====== Dataset records

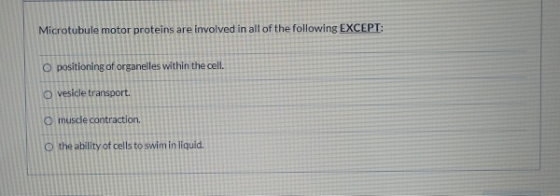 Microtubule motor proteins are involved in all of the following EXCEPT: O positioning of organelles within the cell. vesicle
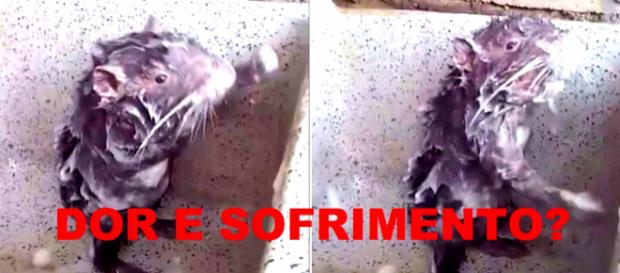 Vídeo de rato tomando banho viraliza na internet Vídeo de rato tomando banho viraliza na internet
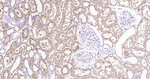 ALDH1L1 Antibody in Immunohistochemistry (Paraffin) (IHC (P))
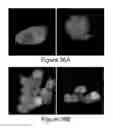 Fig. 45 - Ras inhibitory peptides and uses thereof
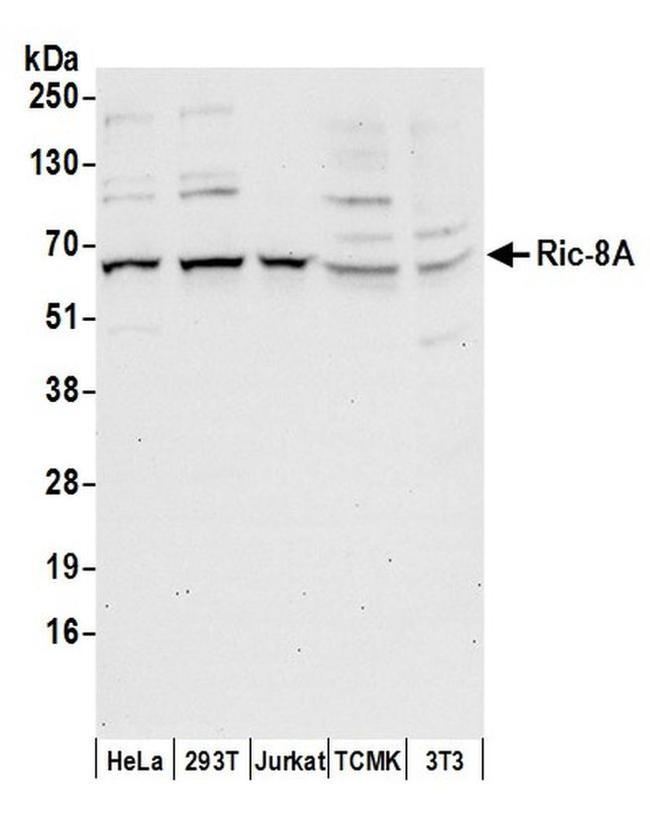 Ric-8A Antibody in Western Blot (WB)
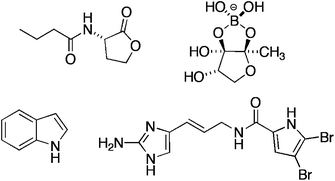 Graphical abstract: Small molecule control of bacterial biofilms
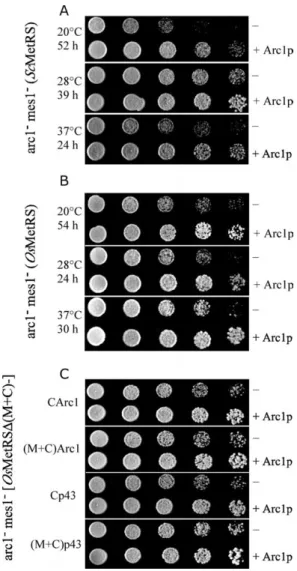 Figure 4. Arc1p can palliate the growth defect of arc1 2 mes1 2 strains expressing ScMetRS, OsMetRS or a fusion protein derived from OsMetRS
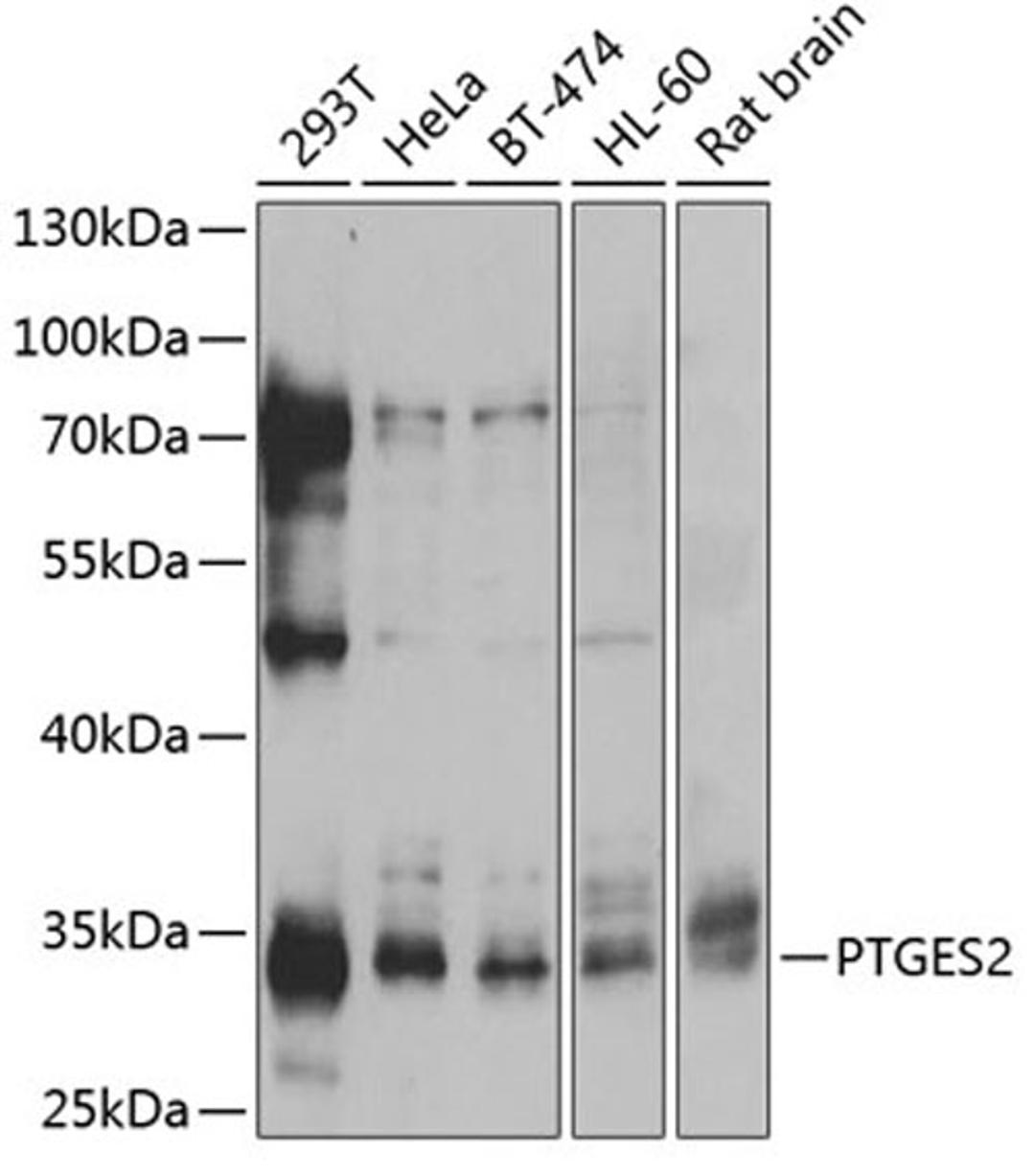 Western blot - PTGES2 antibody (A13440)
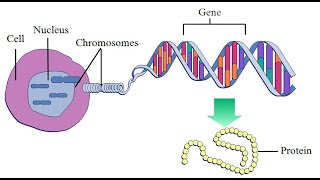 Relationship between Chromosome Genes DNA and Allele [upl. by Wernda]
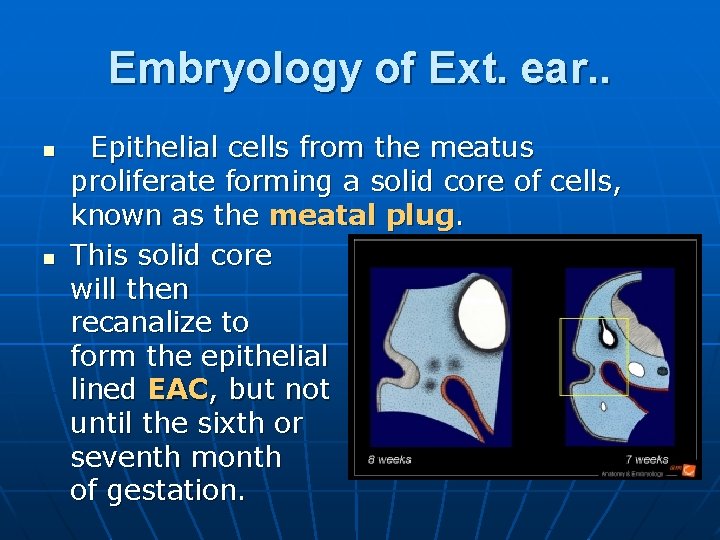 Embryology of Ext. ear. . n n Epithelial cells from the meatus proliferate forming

============
====== Dataset records

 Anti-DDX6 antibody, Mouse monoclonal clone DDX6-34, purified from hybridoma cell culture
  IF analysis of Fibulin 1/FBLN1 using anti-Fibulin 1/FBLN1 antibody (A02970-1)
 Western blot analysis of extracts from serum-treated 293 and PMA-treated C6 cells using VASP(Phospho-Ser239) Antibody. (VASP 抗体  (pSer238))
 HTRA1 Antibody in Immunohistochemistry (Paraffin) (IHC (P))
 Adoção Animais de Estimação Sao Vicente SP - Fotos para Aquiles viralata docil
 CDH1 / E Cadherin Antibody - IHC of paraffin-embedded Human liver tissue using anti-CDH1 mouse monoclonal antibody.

============
====== Dataset records

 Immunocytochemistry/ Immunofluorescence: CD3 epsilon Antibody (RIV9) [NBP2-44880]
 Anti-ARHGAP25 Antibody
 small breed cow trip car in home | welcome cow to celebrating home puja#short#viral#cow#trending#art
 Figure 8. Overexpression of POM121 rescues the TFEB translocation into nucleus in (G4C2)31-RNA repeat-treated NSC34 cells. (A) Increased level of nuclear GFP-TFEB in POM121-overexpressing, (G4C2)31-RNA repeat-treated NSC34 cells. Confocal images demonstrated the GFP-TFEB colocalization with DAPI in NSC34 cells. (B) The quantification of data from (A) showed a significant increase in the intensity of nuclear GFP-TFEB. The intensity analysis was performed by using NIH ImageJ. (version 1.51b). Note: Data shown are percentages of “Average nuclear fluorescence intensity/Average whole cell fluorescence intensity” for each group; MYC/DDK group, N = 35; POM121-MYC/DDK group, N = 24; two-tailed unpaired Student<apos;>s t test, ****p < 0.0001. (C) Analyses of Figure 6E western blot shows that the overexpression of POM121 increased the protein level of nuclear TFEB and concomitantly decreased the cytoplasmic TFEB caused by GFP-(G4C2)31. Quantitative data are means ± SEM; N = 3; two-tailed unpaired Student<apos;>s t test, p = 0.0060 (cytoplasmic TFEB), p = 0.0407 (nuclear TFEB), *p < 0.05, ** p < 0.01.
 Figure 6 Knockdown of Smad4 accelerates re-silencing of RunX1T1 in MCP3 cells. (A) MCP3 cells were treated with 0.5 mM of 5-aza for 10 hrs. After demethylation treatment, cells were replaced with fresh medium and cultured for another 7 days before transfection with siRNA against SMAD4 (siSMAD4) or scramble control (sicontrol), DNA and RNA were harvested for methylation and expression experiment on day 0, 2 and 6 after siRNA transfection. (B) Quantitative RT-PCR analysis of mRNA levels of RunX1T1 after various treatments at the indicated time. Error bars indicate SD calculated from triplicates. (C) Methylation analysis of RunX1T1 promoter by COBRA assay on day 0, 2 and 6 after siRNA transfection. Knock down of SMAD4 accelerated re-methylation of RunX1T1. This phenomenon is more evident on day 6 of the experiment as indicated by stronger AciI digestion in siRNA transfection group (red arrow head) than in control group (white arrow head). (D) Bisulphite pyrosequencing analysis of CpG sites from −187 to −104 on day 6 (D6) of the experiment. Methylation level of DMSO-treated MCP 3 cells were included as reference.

============

--- Exercise directions ---
Everything above from the line containing "Microtubule motor proteins" down to the line containing "Vídeo de rato tomando banho viraliza na internet Vídeo" is to be duplicated exactly, both lines included, and the pictures are to be omitted.

--- Solution to the problem ---
 Microtubule motor proteins are involved in all of the following EXCEPT: O positioning of organelles within the cell. vesicle
 Vídeo de rato tomando banho viraliza na internet Vídeo de rato tomando banho viraliza na internet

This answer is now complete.